Occasionally, you run into someone who brings some external issues “onto the mat” as the saying goes. Once, I was performing a technique called “nikyo” (Hold your hand out as if to shake someone’s hand, then flip it over so the little finger is uppermost. Now grab that hand with your other hand, thumb on top, and try to bring the first hand’s wrist to your body, with the little finger going up to your nose—that’s nikyo). My uke straightened his arm, went down toward the ground, but tried to grab my leg, to maybe lift me off the ground. I automatically shifted my grip and brought my elbow over his in a related technique called ryokyo. Ryokyo is usually considered a knife taking technique because it is not at all kind; it takes power from hyperextending uke’s elbow. My uke forgot all about lifting my leg, since he was suddenly very concerned about not having his elbow dislocated.

I might not have done it if I’d thought about it, but then again, the point of the training is to teach your body how to do those things.

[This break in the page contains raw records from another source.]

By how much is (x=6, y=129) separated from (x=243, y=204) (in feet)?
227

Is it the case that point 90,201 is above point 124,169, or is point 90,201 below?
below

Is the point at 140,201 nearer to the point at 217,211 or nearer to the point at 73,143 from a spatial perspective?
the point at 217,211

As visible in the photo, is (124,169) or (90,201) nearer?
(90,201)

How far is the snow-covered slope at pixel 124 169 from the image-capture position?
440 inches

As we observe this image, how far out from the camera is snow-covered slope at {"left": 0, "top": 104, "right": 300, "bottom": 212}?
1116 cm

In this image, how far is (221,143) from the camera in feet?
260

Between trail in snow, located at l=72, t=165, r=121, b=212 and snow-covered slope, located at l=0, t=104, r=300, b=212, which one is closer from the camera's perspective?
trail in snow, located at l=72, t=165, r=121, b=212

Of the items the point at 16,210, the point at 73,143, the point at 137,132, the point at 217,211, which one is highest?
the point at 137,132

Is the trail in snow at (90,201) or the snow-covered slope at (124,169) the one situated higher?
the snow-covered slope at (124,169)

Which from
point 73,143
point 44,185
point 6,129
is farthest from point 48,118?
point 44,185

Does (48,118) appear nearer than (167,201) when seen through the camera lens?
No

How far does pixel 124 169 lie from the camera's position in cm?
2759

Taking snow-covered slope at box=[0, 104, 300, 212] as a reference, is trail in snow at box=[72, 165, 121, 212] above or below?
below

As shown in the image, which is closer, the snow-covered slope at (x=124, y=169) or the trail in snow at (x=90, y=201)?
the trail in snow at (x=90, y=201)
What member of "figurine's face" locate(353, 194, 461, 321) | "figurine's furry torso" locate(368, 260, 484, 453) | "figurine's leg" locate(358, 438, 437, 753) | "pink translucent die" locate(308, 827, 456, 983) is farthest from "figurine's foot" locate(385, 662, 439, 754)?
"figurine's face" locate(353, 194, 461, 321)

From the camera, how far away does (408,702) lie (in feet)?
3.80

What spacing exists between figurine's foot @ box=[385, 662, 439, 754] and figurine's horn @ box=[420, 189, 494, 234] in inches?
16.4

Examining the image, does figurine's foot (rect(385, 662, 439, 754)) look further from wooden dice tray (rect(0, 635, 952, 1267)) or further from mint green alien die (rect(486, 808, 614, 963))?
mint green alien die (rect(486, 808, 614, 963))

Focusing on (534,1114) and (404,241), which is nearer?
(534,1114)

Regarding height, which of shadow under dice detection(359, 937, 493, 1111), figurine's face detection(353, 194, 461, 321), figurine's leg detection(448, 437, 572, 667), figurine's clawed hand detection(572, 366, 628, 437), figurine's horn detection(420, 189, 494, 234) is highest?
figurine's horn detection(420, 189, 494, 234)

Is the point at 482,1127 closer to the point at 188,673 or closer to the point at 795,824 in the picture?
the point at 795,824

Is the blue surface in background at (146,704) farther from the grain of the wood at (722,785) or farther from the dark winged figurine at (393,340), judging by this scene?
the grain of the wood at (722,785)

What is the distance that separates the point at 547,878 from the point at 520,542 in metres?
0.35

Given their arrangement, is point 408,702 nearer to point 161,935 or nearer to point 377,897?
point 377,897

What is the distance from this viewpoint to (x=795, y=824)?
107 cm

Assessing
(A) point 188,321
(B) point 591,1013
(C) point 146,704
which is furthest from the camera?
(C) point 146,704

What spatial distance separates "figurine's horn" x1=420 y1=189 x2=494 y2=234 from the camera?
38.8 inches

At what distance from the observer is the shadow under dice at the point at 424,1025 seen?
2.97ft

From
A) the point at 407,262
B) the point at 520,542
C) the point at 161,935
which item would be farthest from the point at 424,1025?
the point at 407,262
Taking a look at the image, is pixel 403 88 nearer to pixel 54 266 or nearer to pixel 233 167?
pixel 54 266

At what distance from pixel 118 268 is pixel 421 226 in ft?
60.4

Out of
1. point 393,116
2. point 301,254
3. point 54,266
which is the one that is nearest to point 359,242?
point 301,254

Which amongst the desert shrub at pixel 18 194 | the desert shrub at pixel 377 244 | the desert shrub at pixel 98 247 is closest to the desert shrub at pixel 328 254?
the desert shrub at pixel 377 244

Your thinking has to catch up later.

I’ve been in a number of physical fights in my life, but I’m not sure if I’d classify any of them as “real.” The vast majority of fights are about dominance in one way or another, stopping well short of serious injury, because that isn’t the point of them. In fact, they usually end when one or the other party threatens real injury. On the other hand, I have witnessed fights that were deadly serious, that would not end until someone was badly injured, dead, or the cops showed up. When someone who is used to the one sort runs into someone who is prone to the other sort, Very Bad Things can happen.

I have some confidence in my own ability to Do the Right Thing, if pressed, but also the fear that I nevertheless might fail to react properly. So whether or not aikido would aid me in a "real fight" is an open question. What I do know is that I will expend considerable effort to insure that I never get the answer to that question.